Rice-cooker cakes are an ingenious creation by college students in Asia. As the dormitories didn't have ovens, students who craved freshly baked cakes turned to the humble rice-cooker. In fact, in addition to an oven, I hear they also use it as a steamer and a crock pot!
After learning about the rice-cooker cake concept from Jacqui, who is part of my fabulous team at I Ate My Way Through, I was quite excited to put it to the test with my own little rice-cooker at home.
Recipe adapted from A Dream of Tokyo
170g plain flour
2 tsp matcha powder
Icing sugar and more matcha powder for dusting (optional)
Using an electric mixer, blend the eggs and sugar until creamy.
Sift the flour and combine with the matcha powder then fold into the mix. Add the oil.

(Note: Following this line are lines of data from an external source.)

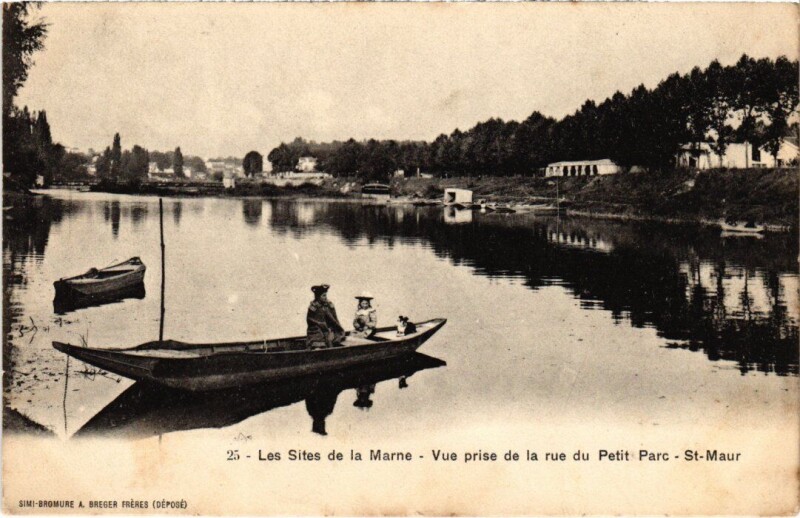 Carte postale ancienne St Maur vue prise de la rue du Petit Parc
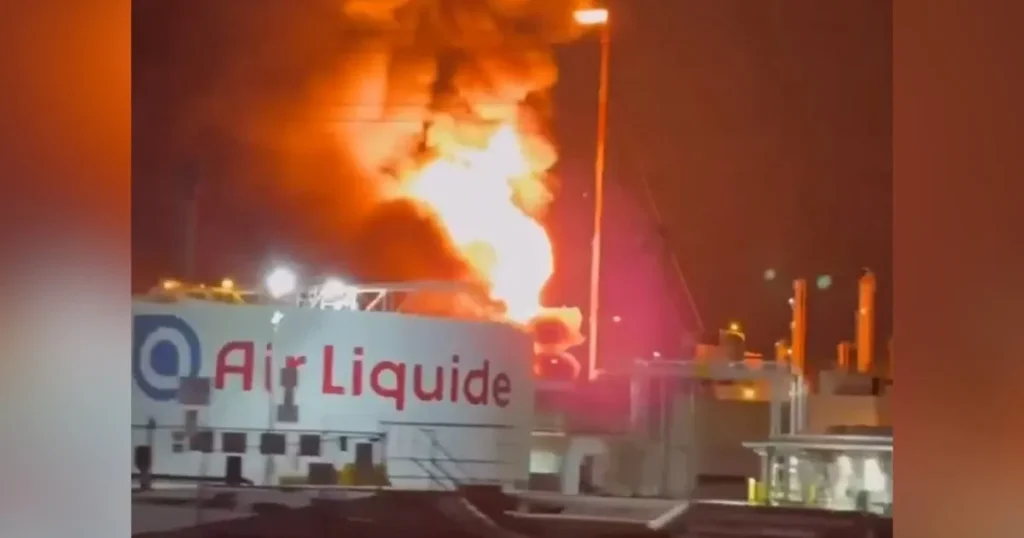 Взрыв произошел на нефтеперерабатывающем заводе в Техасе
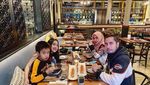 Penggemar Berat Kafein, Ini Pose Salmafina, Putri Pengacara Sunan Kalijaga Saat Ngopi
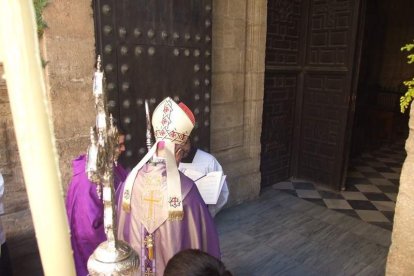 El obispo abre la ‘Puerta Santa’ para el inicio del Jubileo de la Misericordia. El acto se inició en la Plaza de la Catedral con la lec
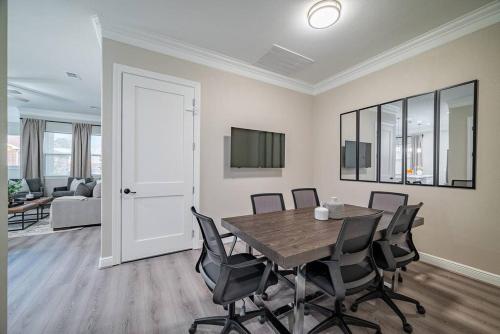 Pet friendly Large Work Space Gated Community - last minute hotel in Houston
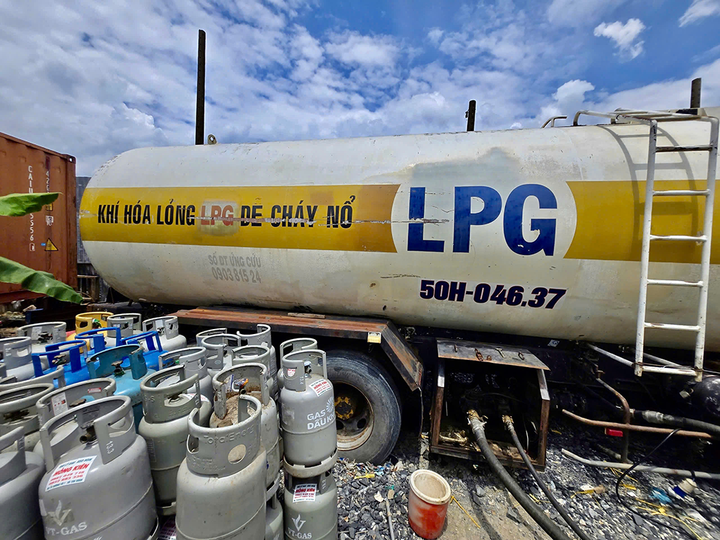 Công nghệ sang chiết, sản xuất gas giả. (Ảnh: CA)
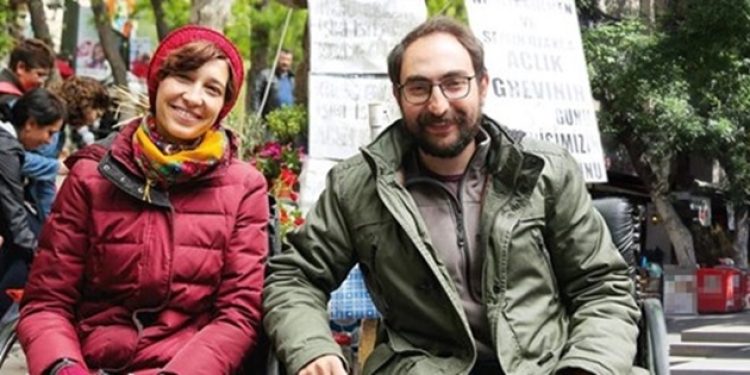 Nuriye ve Semih’i terörist ilan etti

The rice-cooker is non-stick so you shouldn't need to grease the pan. Simply pour the mixture into the rice cooker and press 'cook'.
Once the rice-cooker has completed its cycle, insert a bamboo skewer into the centre of the cake to check if it is done. You may need to press 'cook' again.
Using either a rice paddle or a bowl scraper, gently loosen the cake around the sides. Take the rice-cooker bowl out of the rice-cooker, place a plate on top of it and carefully flip the bowl, allowing the cake to fall against the plate.
Dust with icing sugar and matcha powder and serve.
The recipe is pretty fail-proof unless you are like me and force-cook the cake even though the rice-cooker has already flipped from 'cook' to 'warm' and refuses to go back to 'cook'. So yes, I accidentally browned mine a little. But the cake was still extremely fragrant, very light and fluffy. I guess sort of like a Chinese steamed cake but not.
So there you have it. It's true. You can bake a cake in a rice cooker!
Imagine the endless possibilities you could bake with different flavoured essences or fruit juices. Or with a bit more creativity, produce spectacular chocolate lava cakes and upside-down fruit cakes!
This will be the easiest cake you've ever baked!